From: Phelps Williams
Subject: Re: [Discuss-gnuradio] USRP network based spectrum analyzer
Date: Thu, 29 Sep 2011 21:09:48 -0700

Thanks Marcus!

I took your idea and ran with it but encountered a funny issue.  I'm slightly confused about the output of the logpwrfft (which is giving me the output of gr_fft_vcc).  I've been assuming that logpwrfft returns a vector of amplitudes in dB for each fft bin.  Lets say my fft size is 1024, I'm assuming vector index 0 is the lowest frequency and vector index 1023 is the maximum frequency.  In plotting these values it appears to be something different.

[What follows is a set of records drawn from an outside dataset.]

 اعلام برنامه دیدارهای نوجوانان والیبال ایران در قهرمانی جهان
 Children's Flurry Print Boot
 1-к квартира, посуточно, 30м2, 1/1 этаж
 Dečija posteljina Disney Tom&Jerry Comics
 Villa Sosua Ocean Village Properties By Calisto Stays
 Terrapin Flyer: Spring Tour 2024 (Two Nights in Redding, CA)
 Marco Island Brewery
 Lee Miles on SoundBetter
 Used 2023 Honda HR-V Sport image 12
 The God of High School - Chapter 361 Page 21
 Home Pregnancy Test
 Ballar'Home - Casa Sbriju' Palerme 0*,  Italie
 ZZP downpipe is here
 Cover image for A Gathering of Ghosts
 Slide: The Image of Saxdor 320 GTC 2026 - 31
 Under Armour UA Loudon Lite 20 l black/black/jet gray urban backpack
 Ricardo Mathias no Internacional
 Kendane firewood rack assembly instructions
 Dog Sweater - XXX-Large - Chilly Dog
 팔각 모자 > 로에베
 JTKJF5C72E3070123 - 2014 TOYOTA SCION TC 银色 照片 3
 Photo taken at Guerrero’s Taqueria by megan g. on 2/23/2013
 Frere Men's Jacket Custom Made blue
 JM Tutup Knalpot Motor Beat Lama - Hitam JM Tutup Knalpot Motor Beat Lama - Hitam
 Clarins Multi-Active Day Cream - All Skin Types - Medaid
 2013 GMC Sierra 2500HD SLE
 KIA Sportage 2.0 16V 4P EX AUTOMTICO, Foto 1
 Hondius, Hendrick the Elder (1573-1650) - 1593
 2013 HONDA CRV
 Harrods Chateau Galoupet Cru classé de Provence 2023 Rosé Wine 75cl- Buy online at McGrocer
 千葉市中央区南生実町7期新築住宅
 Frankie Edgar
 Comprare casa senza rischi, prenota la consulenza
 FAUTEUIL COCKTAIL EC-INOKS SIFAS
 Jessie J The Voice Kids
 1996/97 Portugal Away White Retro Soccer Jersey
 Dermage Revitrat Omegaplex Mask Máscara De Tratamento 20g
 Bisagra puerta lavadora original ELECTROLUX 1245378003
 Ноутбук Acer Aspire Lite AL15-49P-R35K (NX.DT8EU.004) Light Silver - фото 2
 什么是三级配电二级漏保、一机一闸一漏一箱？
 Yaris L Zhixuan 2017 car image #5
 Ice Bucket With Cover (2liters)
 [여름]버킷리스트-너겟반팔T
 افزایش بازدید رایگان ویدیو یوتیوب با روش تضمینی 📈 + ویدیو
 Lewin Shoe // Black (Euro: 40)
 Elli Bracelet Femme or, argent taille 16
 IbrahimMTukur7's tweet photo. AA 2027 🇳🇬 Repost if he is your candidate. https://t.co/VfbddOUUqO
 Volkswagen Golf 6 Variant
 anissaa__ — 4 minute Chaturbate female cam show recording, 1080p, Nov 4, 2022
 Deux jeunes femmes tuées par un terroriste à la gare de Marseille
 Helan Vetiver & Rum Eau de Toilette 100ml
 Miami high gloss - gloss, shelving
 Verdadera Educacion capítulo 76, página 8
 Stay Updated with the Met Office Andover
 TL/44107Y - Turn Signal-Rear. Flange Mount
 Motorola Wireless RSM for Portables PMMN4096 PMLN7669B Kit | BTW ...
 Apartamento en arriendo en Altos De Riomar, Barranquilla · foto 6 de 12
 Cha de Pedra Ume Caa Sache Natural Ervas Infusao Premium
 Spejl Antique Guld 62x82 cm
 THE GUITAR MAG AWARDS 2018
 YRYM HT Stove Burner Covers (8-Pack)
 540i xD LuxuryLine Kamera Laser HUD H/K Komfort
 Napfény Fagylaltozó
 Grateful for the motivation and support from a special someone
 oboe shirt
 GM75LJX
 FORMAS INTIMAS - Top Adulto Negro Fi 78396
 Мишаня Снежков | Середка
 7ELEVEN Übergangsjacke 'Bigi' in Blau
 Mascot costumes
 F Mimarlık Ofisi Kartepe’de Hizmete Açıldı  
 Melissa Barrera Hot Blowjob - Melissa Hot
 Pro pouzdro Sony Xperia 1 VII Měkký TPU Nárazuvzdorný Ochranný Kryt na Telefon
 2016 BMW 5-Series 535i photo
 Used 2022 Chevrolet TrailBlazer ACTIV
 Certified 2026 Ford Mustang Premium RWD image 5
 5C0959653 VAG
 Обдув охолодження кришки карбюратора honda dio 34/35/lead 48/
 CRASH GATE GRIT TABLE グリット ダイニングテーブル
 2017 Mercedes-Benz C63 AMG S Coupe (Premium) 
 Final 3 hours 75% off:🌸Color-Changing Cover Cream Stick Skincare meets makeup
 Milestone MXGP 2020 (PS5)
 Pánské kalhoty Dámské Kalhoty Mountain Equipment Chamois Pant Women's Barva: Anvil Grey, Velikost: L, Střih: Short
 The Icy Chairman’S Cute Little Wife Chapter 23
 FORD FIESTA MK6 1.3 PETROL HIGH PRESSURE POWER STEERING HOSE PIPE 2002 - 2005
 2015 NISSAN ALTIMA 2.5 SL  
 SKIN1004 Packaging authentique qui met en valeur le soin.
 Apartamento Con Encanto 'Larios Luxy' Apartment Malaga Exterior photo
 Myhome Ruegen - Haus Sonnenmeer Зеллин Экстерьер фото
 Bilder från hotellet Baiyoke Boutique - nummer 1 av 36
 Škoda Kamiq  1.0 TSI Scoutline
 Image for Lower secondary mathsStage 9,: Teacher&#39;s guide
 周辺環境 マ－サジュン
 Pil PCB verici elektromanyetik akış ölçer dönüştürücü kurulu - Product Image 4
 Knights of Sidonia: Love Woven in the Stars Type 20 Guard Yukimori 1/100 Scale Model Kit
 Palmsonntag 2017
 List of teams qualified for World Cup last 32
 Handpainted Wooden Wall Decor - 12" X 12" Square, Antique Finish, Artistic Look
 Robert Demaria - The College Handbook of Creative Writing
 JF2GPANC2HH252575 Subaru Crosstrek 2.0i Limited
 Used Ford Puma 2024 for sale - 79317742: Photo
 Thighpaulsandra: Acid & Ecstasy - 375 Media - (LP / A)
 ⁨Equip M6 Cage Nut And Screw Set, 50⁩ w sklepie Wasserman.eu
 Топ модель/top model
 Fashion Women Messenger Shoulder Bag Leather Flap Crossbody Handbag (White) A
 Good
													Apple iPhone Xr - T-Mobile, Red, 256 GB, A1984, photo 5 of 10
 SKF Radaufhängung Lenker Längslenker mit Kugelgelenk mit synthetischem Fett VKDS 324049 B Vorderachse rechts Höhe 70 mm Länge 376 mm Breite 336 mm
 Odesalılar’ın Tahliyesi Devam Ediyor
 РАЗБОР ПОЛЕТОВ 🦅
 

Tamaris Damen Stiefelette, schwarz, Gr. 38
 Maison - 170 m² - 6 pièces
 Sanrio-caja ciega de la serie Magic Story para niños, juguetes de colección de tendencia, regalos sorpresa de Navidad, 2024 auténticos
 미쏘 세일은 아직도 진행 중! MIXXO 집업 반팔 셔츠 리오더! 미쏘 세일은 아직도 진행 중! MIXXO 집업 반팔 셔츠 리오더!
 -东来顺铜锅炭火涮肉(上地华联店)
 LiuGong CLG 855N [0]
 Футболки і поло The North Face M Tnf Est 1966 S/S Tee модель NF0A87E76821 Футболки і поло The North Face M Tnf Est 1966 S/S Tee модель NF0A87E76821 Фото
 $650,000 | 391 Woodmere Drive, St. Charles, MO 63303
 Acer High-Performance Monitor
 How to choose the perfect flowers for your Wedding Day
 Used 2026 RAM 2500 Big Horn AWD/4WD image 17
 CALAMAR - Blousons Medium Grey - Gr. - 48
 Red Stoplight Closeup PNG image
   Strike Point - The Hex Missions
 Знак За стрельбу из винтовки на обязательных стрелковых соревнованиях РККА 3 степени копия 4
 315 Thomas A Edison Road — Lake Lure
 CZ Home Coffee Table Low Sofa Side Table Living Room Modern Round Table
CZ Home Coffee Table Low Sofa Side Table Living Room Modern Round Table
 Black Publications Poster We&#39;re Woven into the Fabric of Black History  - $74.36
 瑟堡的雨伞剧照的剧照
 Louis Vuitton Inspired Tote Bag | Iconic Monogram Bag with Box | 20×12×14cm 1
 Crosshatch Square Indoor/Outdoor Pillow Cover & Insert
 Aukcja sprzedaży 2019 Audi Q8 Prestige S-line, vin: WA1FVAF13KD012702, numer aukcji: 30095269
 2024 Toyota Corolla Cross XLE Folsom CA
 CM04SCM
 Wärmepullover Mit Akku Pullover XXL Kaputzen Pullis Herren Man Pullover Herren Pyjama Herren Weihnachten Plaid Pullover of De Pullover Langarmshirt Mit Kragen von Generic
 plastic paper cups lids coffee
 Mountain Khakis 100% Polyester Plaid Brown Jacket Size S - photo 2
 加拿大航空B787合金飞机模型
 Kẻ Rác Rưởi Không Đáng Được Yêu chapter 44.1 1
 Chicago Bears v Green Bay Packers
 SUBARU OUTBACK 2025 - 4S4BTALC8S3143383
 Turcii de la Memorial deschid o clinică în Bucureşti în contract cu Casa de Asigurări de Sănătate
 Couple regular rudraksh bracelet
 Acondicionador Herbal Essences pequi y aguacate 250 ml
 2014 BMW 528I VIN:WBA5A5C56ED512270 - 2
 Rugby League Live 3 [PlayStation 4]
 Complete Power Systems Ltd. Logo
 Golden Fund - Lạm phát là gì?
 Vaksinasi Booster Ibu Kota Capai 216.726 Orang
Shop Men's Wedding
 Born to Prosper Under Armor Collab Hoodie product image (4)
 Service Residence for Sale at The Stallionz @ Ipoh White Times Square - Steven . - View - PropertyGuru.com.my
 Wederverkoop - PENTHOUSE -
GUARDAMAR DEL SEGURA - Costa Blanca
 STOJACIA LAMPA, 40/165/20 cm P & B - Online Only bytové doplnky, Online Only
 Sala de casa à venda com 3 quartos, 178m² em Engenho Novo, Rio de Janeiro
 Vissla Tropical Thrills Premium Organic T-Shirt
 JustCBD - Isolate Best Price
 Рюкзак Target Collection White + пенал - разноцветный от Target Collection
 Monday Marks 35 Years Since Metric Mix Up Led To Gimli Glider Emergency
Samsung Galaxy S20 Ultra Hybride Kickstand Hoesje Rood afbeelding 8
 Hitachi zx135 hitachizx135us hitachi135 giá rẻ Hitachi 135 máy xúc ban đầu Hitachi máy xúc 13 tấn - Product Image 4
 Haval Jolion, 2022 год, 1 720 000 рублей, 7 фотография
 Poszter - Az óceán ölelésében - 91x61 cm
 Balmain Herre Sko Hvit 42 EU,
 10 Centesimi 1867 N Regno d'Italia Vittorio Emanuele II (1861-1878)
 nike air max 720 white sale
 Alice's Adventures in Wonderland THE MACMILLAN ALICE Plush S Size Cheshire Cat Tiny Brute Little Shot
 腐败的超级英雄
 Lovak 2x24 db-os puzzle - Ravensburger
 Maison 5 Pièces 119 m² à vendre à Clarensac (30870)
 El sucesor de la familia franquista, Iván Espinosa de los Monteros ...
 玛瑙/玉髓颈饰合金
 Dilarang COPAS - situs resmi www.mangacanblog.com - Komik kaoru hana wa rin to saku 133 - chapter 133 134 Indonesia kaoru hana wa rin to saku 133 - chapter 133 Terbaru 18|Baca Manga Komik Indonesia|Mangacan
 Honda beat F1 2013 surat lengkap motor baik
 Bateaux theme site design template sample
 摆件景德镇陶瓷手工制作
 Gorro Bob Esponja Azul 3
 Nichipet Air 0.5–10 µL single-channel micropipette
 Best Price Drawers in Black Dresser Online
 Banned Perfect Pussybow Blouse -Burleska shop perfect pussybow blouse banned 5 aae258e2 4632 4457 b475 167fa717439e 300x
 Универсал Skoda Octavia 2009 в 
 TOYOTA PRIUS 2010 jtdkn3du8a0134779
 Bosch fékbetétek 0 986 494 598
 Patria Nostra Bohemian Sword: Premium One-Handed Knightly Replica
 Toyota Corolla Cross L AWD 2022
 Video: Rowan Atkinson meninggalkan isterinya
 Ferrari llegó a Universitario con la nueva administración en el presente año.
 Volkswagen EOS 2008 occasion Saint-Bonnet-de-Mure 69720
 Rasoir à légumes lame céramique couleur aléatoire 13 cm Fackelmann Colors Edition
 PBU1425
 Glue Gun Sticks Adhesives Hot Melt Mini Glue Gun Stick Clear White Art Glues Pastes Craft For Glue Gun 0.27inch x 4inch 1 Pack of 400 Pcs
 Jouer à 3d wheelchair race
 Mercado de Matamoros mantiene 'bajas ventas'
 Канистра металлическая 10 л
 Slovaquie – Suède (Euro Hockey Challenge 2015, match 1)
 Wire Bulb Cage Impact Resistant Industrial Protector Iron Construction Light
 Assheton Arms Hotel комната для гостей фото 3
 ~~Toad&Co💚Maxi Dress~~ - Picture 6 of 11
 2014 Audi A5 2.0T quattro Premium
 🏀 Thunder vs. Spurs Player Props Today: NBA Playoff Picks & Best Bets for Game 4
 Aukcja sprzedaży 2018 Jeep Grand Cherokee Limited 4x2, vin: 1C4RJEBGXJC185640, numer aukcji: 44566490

I can only guess vector index 0 is the center frequency, index 511 is the max frequency and index 512 is the min frequency.  Digging around gr_fft_vcc and I didn't see an obvious answer.  Any insight into what the fft is doing here?  Thanks!

-Phelps

On Wed, Sep 28, 2011 at 2:35 PM, Marcus D. Leech <address@hidden> wrote:
On 28/09/2011 4:50 PM, Phelps Williams wrote:
I have a usrp and computer in a remote location without much network bandwidth available to the system and I'm using it as a spectrum analyzer.  I'd like to run the fft on the remote system and then send the results to a connected client for display.  This would allow me to get greater fidelity than xwindows forwarding or the ascii dft example while also using less bandwidth.  I would imagine the client side would potentially reuse some of the existing wx or qt interfaces for display and control.

This seems like a pretty useful / simple use of this hardware.  Does anybody know of any implementations floating around that does this?  I'd prefer not to reinvent the wheel.

-Phelps

Because I'm such an insanely nice guy, I quickly implemented something like what you'd need.  Attached.

It uses a UHD source, computes a (default 2048-point) 10*log10-scaled FFT, then outputs the resulting float-vector to a file-sink at a 5Hz rate.

Everything is pretty-much parameterized on the command line, including:

    frequency         (100M)
    gain                   (20)
    srate                 (1.0e6)
    fifoname          ("fft_output_fifo")
    devicecfg         ("addr=192.168.10.2")
    xmlport            (6060)

I've included the ability to change parameters on-the-fly using the XMLRPC server, which would allow you to, for example, change
 run-time parameters from some external interface, such as a WEB gui or similar.

If this were my problem, I'd start this thing in a script which creates the fifo file, starts some program that reads the FIFO (left as an
 exercise for the proverbial reader) in the background, then calls the Gnu Radio program.